The presumed owner of the bakery, this woman was the source of food for Mayu and Wanta during Mayu's period of homelessness. With no money, Mayu relied upon the Baker to give her leftover bread scraps to avoid starvation. The merchant never asked if she was homeless and gave her the scraps without much hassle, and the two were close enough that the Baker referred to Mayu as "Mayu-chan."
Not long after Mayu first met Kouta and Yuka, the bakery woman was forced to close her bakery. It's hard to determine whether the reasons for the closure are financial or personal, as she only says "It was just as bad as I thought" when Mayu inquires. With her shop closing soon, she could only give Mayu her apologies, and the young girl realized she'd have to find another source of food. By this point, Mayu was struggling with the decision to stay at the Maple House, and she was concerned about trusting Kouta and Yuka, as well as not wanting to be a burden to them.
The merchant appears later when Kouta and Yuka ask what she knows about Mayu, to which she replies she knows little. On the day her shop would close, she appears to be annoyed by Mayu interrupting her while she was busy, presumably with closing up shop, and told her there are no more scraps to give her if that was why she came. Before Mayu left, the merchant told her the residents of the Maple House wanted to see her. When she arrived at the Maple House, Mayu found a birthday party held in her honor by Yuka, Kouta, and Nyu. They even had a birthday cake for her, a final gift from the merchant she'd depended on for so long, and the sight of the cake brought Mayu to tears. According to Kouta, the Baker didn't say goodbye, and the conversation he and Yuka had with her was awkward, but her last words for Mayu were for her to take care of herself.
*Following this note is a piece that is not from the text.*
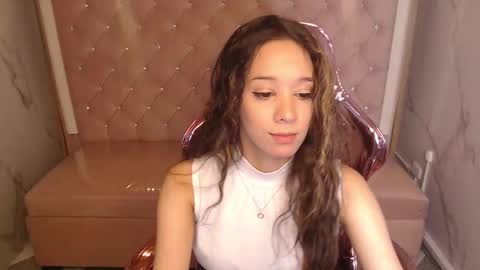 megan_collins_b online show from 10/04/25, 12:58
In a series where so many are cruel, even minor characters, the kindness of the Baker stands out. Because of her giving what she could at the end of the day, a little girl could survive long enough on her own in a cruel world until she found her true family. Just as in real life, it's the little acts of kindness that make all the difference in someone's world.
The Baker remains largely the same in the anime. However, she appears older than in the manga and wears a different haircut. She is more openly concerned for Mayu's well-being as well. The anime also doesn't show the merchant telling Mayu of the bakery's imminent closure. Instead, she only tells Yuka about Mayu coming to get bread scraps from her every day under the ruse of the food being for Wanta, Mayu's unchanging wardrobe, and how the other shop owners think the girl is homeless. In the anime, the merchant giving Kouta and Yuka Mayu's birthday cake is more apparent. When the pair, along with Nyu, come to ask if she's seen Mayu after the girl runs away from the Maple House, the merchant says she has something she'd like them to give Mayu. In the English version, the Baker adds on "from me" when she says so, making her already warm disposition even kinder. In the Japanese version, Yuka later clarifies the woman said the cake was "a leftover," a nod to her manga self's more aloof gift-giving and her having given Mayu leftovers for the entire time they've known each other.
- In the manga the location of the bakery shop is assumed at a northern part of Kamakura Station, just a few-minute walk but in the real world the model shop of the bakery locates in the southern part of the station. Anime shows the bakery shop more accurately. There was a fish shop at the entrance of the building.
- When Mayu visits the bakery shop, Lynn Okamoto always shows the street where he assumed it located. For this purpose he used the one same drawing three times but changed the cropping or toning of the both.